[DIRECTIONS] Retype each entry exactly. Skip any pictures.

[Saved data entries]
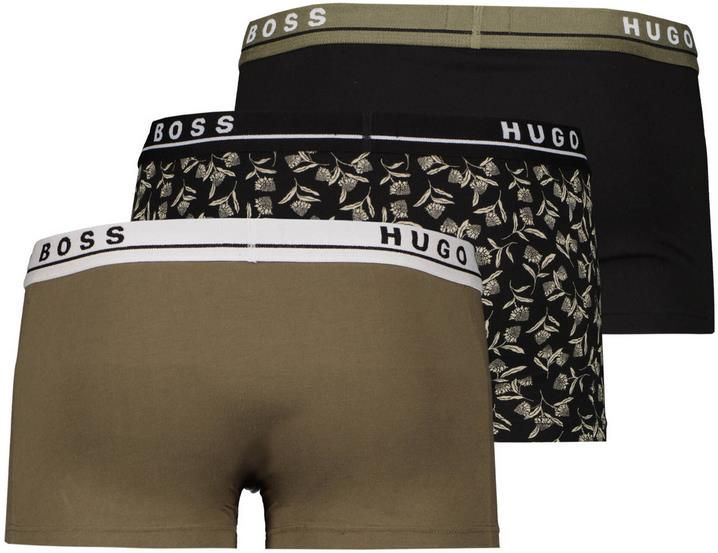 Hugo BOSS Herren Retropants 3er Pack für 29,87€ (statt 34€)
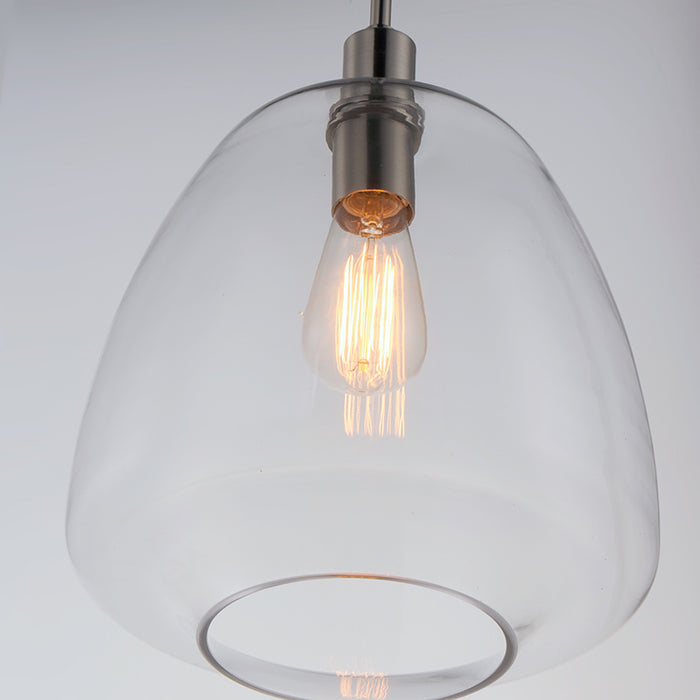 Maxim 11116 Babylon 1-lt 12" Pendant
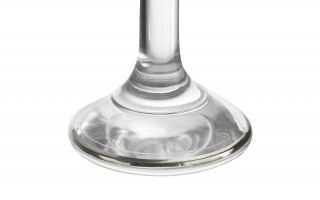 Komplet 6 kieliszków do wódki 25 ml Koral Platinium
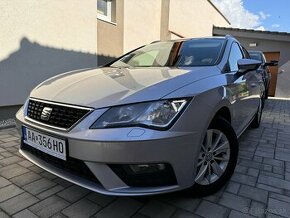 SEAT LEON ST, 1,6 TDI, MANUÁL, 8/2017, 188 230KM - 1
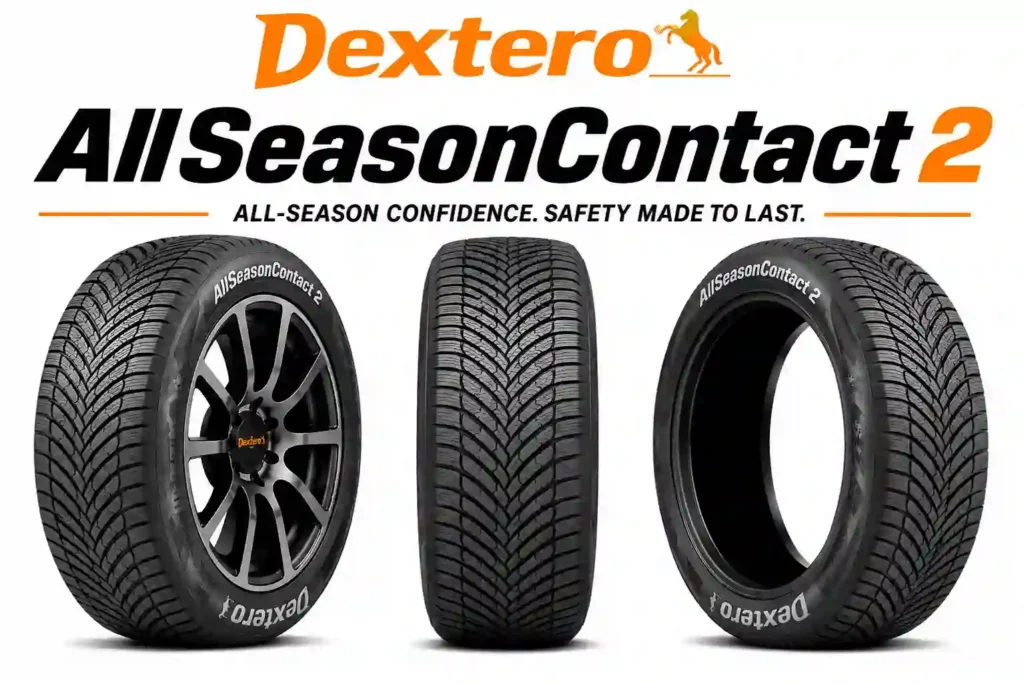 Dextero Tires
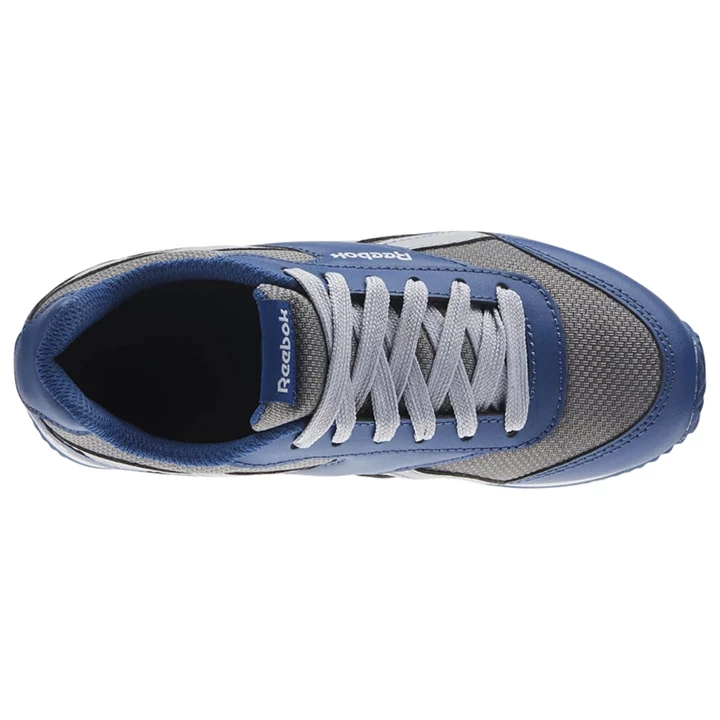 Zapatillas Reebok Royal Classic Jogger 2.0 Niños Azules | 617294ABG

[ANSWER SECTION]
 Hugo BOSS Herren Retropants 3er Pack für 29,87€ (statt 34€)
 Maxim 11116 Babylon 1-lt 12" Pendant
 Komplet 6 kieliszków do wódki 25 ml Koral Platinium
 SEAT LEON ST, 1,6 TDI, MANUÁL, 8/2017, 188 230KM - 1
 Dextero Tires
 Zapatillas Reebok Royal Classic Jogger 2.0 Niños Azules | 617294ABG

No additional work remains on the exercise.